"I was used to writing an essay based on facts or figures, not one that is spontaneous, fun, or intriguing."
- Hometown: Charlotte, NC
- High School: Public
- GPA: 3.96/5.41 (weighted)
- ACT: 35
- Major: Engineering
|Yale University (EA)
|Colorado School of Mines
|North Carolina State University (EA)
|University of North Carolina at Chapel Hill (EA)
At first, I thought Duke was the only place for me. I was drawn to the school’s intimate atmosphere and small engineering department. I loved that sports were integral to the school’s identity and I had some friends there already.
Early Decision Thwarted
I wanted to apply for a binding early decision to Duke, but my parents were not fond of that idea. They wanted to see all of my financial aid offers before we committed to one college. Not being able to apply to Duke Early Decision was heartbreaking because I was convinced that applying early would be the only way for me to get in.
Another Early Option
At the last minute, I decided to apply early to Yale. Its early admissions option--single choice early action--allowed me to receive my decision in mid-December, but I did not have to respond to the admissions offer until May 1, which would allow me to compare financial aid offers. However, I couldn’t apply early action or early decision to any other college except for my in-state schools.
I did not have much time to prepare the Yale application or write the essays. While this was stressful, I also did not put that much pressure on myself because I didn’t expect to get in to Yale. I honestly think that taking this pressure off myself might have helped my essays to be more genuine and intriguing.
I felt very unconfident in my essay writing abilities and this really slowed me down when completing my applications.
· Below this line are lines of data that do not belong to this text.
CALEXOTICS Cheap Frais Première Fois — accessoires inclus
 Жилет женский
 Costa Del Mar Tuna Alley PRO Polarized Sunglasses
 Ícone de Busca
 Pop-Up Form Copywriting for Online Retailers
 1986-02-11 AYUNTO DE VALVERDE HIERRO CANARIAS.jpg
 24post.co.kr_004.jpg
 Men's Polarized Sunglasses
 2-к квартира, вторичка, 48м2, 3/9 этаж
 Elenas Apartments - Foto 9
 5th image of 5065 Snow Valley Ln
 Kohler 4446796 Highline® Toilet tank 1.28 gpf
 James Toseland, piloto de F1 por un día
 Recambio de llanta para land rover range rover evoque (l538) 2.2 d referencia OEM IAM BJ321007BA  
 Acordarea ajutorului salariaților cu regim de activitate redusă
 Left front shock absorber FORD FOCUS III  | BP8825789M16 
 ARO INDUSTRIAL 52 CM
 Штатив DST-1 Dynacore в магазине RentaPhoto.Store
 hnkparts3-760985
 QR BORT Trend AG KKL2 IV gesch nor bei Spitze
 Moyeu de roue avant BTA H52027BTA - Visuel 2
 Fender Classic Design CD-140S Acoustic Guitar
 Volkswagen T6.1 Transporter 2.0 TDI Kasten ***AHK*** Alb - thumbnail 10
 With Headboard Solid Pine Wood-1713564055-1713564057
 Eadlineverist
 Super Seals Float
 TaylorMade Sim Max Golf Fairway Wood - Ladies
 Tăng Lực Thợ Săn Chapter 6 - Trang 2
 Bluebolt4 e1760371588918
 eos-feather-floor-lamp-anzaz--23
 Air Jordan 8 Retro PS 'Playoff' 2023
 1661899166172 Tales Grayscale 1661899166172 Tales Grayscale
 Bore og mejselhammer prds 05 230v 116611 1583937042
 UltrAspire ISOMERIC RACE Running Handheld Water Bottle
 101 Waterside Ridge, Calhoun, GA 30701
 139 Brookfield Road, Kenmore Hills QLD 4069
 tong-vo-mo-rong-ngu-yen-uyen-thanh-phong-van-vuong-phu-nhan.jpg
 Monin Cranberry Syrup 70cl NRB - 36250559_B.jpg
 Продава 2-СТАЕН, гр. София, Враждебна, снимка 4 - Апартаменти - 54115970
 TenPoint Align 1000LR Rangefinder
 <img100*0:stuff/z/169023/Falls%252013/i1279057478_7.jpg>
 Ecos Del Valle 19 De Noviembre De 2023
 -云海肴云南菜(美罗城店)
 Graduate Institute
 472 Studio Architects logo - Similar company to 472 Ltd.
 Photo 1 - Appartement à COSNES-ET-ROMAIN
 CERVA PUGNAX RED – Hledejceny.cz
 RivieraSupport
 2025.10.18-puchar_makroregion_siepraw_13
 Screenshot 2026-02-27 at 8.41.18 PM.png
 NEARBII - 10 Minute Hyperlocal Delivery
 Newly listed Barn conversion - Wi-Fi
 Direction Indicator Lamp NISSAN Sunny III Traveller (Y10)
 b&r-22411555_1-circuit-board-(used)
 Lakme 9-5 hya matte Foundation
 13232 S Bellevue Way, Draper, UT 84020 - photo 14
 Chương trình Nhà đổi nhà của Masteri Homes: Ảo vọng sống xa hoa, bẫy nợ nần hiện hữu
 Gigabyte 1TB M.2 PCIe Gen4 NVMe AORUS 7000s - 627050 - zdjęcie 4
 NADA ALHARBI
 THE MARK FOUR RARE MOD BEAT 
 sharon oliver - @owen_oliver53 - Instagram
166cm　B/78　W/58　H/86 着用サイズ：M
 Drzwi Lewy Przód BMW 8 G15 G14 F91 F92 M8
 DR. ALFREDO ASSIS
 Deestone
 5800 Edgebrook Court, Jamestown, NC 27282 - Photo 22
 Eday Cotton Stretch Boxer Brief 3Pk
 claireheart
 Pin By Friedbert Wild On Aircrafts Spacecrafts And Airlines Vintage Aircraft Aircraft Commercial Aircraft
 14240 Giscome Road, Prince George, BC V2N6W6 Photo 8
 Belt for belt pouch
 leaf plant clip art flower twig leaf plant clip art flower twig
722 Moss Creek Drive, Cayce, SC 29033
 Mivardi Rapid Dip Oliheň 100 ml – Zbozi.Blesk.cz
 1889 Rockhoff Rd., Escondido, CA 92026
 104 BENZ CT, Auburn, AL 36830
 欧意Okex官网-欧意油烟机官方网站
I was used to writing an essay based on facts or figures, not one that is spontaneous, fun, or intriguing. At school, my teachers had often provided a template or guidelines, but my college essays were completely up to me.
When trying to decide what topics to write about, I created a Google document and made a bulleted list for each prompt. If the essays were short I often wrote on a few different topics, to see which one I liked better. My topics ranged from my experience participating in a national leadership conference, fantasy football, my premature birth, and being an identical twin.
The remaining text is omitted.